2. The regularization parameter C is also a very important factor in classifier performance. This is crucial either way, whether or not feature scaling is done.

# Further applications

It is not expected to get the same level of performance on bigger and denser data sets.

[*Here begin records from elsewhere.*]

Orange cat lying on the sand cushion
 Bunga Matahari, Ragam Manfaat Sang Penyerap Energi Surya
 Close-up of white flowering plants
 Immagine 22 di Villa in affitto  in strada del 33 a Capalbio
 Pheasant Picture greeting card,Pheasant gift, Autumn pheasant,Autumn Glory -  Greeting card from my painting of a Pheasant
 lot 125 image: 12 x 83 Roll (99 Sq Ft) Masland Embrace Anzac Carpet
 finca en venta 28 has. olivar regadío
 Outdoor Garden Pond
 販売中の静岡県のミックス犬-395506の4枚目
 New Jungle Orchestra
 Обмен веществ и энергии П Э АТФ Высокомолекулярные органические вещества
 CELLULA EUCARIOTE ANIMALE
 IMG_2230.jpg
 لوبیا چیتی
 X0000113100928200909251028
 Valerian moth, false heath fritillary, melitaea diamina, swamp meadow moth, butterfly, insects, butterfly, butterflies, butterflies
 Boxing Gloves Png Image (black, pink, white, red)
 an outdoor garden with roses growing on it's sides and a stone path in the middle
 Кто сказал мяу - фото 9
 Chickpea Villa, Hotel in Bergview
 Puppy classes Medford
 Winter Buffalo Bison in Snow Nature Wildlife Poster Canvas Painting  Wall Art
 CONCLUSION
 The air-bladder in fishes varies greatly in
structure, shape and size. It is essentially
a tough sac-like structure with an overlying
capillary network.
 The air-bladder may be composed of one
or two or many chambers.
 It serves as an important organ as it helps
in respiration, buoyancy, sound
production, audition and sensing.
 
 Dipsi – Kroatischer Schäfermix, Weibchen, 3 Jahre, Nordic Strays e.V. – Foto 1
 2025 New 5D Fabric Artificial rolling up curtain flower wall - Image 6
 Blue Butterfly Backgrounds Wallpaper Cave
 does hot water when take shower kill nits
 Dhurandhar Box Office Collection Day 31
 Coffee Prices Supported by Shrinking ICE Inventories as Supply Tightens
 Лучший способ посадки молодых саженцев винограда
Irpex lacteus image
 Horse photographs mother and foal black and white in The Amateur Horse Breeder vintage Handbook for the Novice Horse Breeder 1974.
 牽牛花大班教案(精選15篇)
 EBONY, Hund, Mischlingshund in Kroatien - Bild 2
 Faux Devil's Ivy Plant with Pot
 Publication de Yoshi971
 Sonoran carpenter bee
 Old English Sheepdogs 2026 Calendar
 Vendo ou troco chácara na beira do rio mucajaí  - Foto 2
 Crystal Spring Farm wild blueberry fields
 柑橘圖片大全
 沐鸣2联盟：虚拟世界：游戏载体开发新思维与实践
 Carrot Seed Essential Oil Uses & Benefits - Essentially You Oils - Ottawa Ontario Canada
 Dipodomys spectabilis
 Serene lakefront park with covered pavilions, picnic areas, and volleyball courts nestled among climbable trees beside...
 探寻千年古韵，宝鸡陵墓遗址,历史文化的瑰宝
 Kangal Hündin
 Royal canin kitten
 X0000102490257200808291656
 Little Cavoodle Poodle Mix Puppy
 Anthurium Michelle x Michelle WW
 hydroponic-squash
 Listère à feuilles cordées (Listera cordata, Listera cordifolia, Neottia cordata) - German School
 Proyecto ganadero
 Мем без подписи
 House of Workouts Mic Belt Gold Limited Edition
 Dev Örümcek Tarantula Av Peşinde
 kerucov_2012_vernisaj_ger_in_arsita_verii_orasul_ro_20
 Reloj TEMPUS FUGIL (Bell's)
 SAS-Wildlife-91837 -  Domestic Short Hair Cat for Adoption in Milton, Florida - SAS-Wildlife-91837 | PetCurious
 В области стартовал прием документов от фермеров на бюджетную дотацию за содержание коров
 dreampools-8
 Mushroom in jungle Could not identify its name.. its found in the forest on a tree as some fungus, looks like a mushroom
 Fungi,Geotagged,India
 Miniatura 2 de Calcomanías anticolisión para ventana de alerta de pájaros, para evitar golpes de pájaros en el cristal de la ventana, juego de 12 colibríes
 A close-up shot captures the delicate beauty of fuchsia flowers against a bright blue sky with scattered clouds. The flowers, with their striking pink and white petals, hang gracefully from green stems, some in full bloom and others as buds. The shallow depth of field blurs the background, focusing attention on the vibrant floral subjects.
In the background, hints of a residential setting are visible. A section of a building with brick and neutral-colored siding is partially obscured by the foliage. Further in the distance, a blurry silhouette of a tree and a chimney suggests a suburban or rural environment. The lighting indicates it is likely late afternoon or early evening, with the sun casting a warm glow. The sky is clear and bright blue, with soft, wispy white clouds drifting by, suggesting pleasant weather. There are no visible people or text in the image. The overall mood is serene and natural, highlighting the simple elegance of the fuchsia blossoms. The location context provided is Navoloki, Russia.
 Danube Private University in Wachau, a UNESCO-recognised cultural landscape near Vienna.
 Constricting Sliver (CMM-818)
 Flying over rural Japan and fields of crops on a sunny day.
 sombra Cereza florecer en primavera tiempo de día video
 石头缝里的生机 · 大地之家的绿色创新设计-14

The main reasons behind this are:
1. The dataset we worked on was very small, consisting of only 583 observations, of which 4 were dropped.
2. The dataset was highly unbalanced, the postive records being three times the number of negative ones.

Hence, even though we have obtained perfect scores on this dataset, the performance of the same models on similar but bigger datasets is expected to worsen.